Only the lines in the entries below from the line with "LABRANDA CLUB CALETA DORADA 3★" to the line with "WESTMORELAND PARK - Residential", both included, belong in the answer, transcribed exactly and without pictures.

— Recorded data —
____________
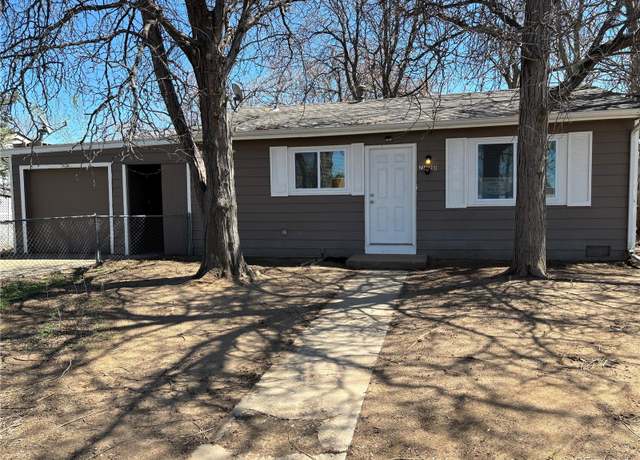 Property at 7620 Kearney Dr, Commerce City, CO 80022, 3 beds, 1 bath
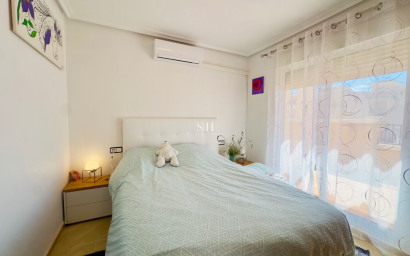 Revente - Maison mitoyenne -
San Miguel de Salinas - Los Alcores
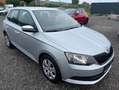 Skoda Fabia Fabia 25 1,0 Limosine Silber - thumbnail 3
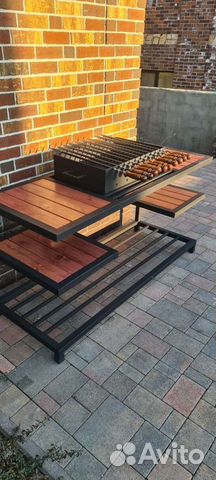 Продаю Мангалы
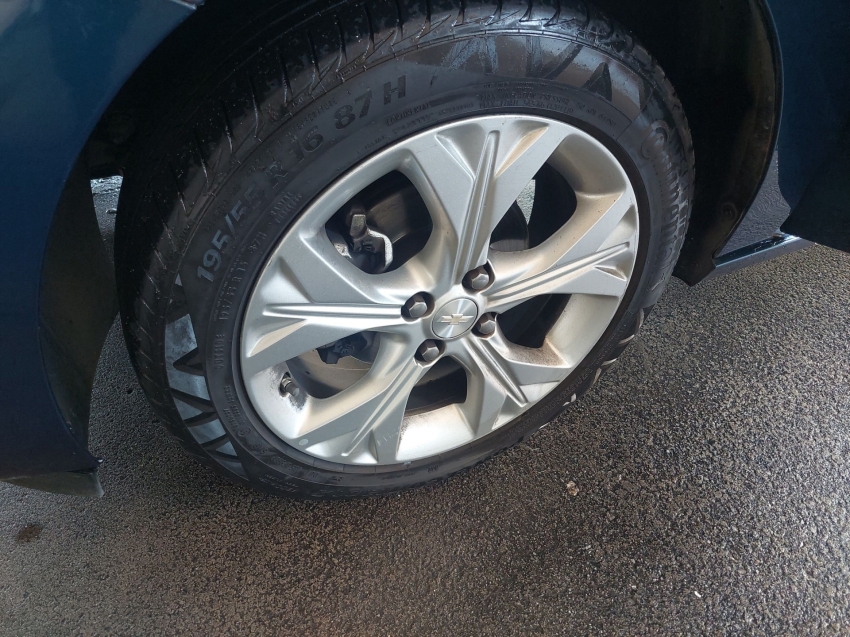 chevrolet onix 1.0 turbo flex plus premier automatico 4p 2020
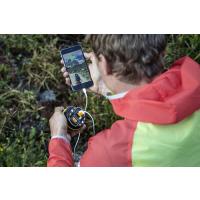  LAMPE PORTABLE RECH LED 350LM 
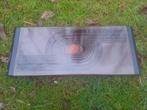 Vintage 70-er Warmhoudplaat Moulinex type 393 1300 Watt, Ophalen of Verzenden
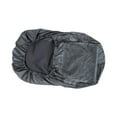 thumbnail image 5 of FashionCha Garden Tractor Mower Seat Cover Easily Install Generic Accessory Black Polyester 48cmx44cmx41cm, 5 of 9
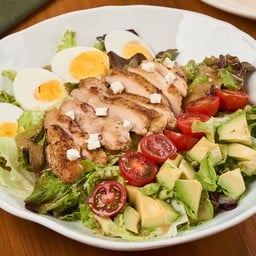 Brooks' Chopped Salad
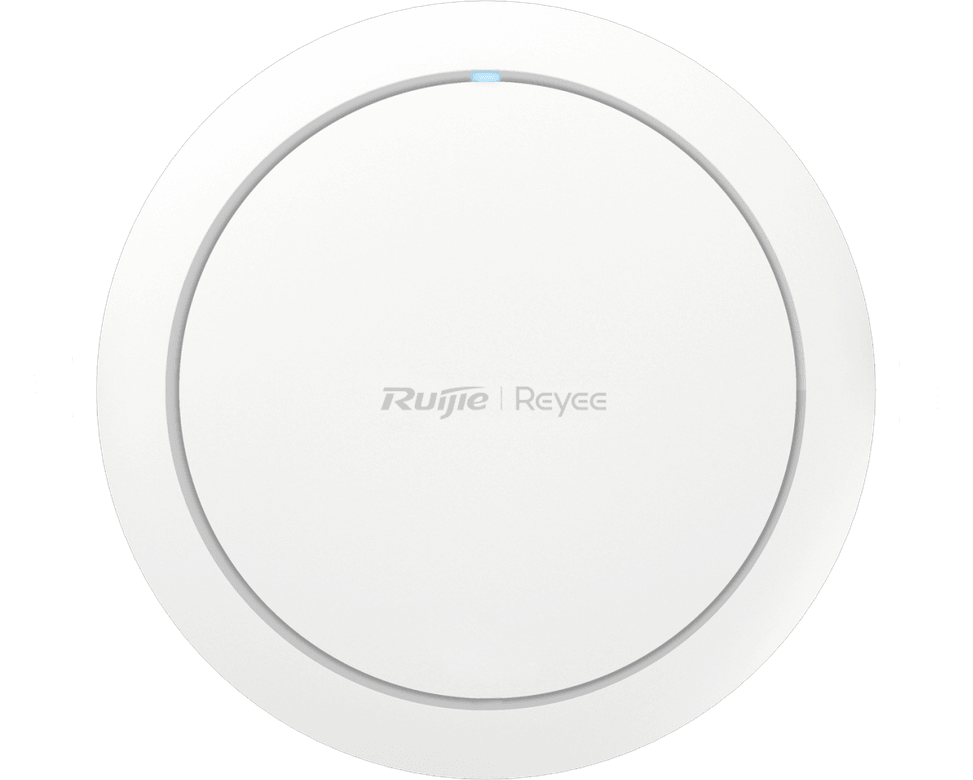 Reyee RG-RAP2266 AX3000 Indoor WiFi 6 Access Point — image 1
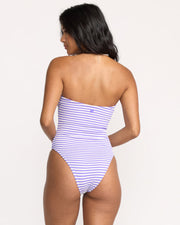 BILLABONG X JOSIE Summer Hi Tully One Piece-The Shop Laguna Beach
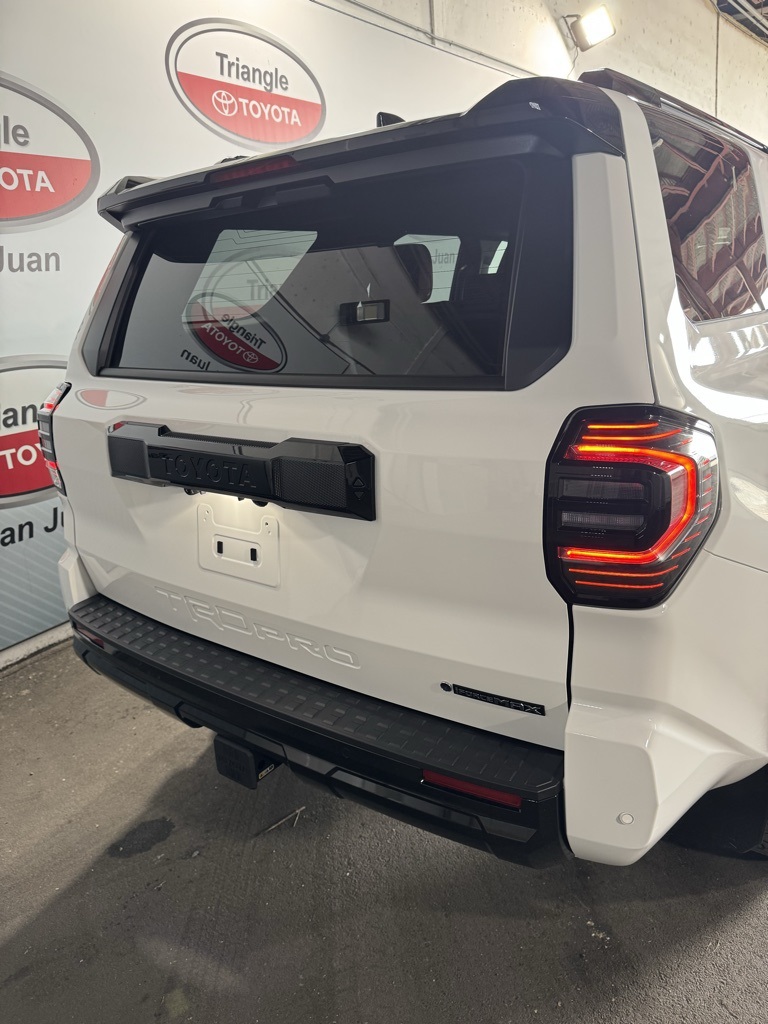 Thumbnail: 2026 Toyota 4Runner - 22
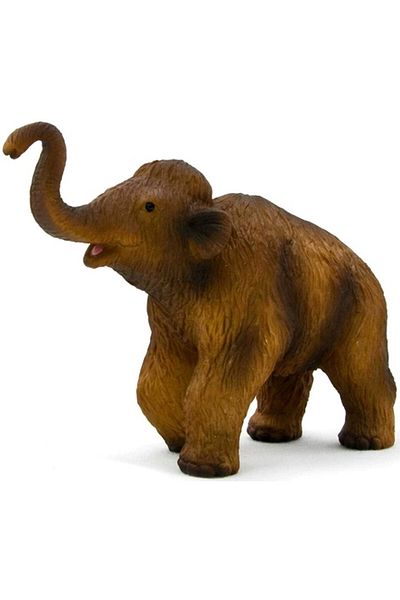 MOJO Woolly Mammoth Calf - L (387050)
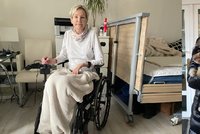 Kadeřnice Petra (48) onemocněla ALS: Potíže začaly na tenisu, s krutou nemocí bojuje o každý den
____________
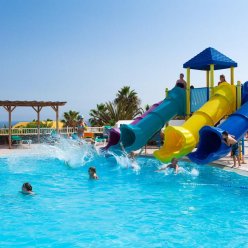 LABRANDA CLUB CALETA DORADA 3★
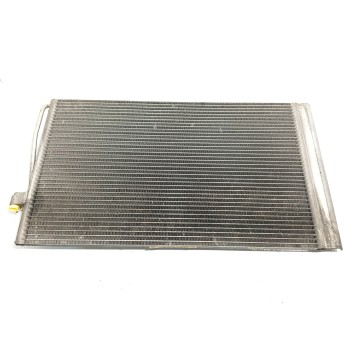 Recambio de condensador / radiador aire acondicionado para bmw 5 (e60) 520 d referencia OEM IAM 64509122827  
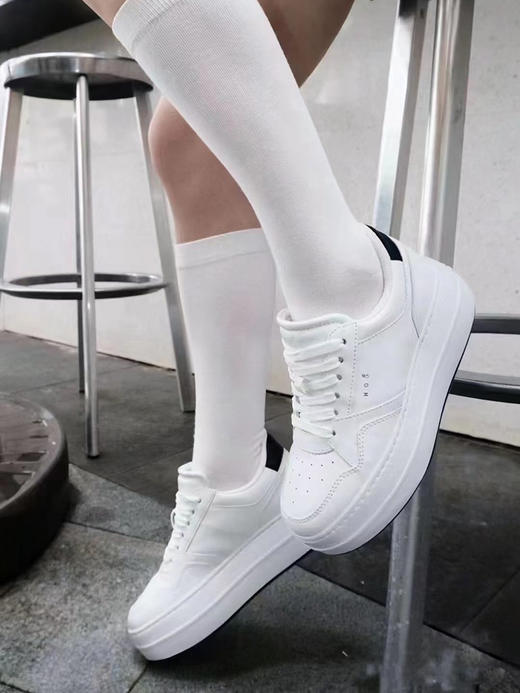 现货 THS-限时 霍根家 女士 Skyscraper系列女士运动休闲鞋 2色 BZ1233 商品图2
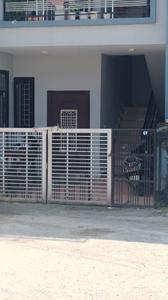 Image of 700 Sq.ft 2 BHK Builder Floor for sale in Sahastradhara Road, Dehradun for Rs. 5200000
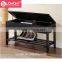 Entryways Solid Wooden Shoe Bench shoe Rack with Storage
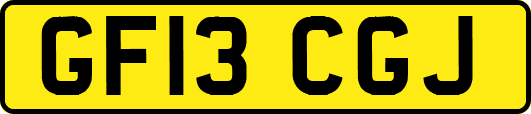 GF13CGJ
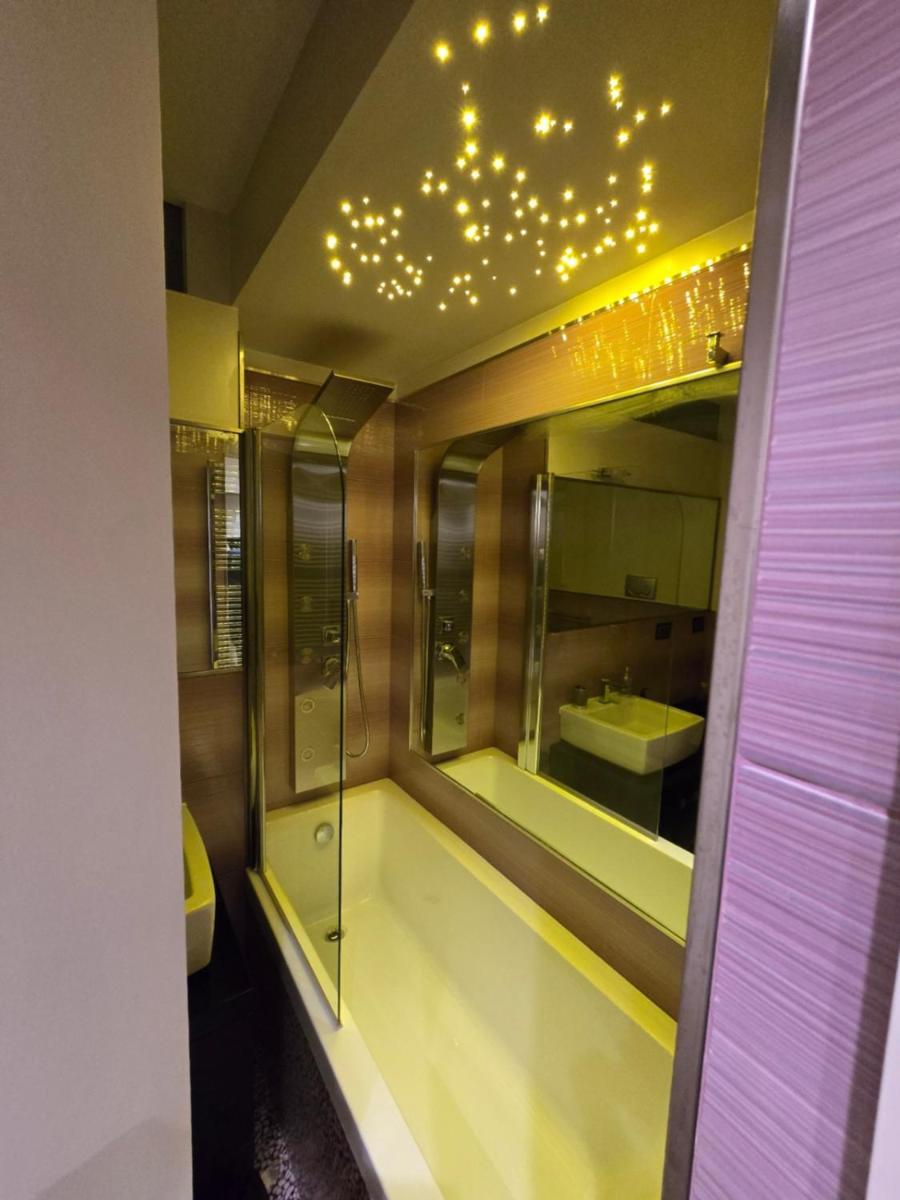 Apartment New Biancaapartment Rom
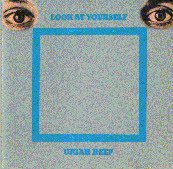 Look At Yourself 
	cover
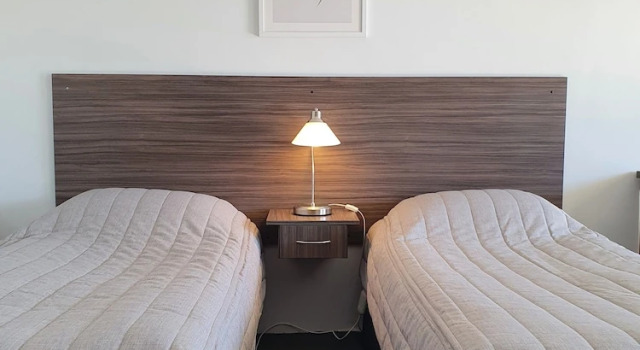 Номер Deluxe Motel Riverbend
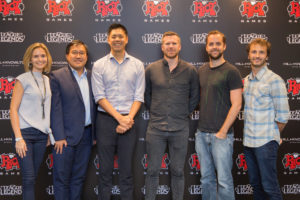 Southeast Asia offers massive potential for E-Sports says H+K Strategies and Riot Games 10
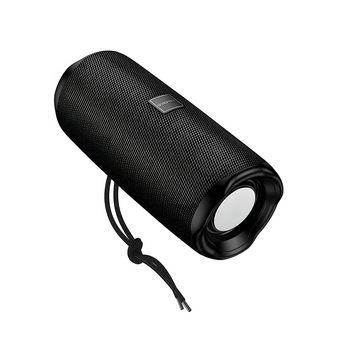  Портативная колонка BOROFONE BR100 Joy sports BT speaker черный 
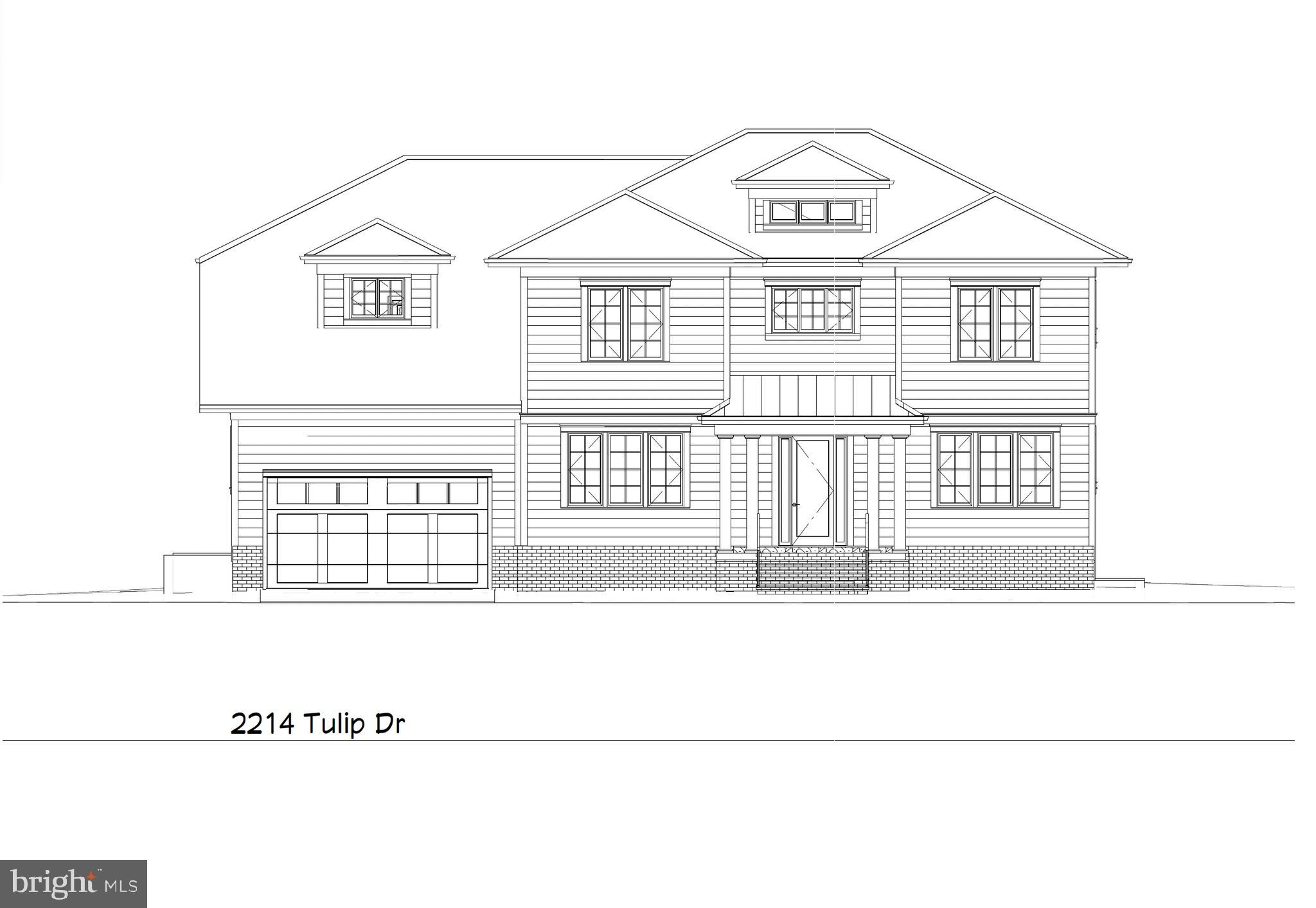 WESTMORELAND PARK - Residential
____________
— Your solution —
 LABRANDA CLUB CALETA DORADA 3★
 Recambio de condensador / radiador aire acondicionado para bmw 5 (e60) 520 d referencia OEM IAM 64509122827  
 现货 THS-限时 霍根家 女士 Skyscraper系列女士运动休闲鞋 2色 BZ1233 商品图2
 Image of 700 Sq.ft 2 BHK Builder Floor for sale in Sahastradhara Road, Dehradun for Rs. 5200000
 Entryways Solid Wooden Shoe Bench shoe Rack with Storage
 GF13CGJ
 Apartment New Biancaapartment Rom
 Look At Yourself 
	cover
 Номер Deluxe Motel Riverbend
 Southeast Asia offers massive potential for E-Sports says H+K Strategies and Riot Games 10
  Портативная колонка BOROFONE BR100 Joy sports BT speaker черный 
 WESTMORELAND PARK - Residential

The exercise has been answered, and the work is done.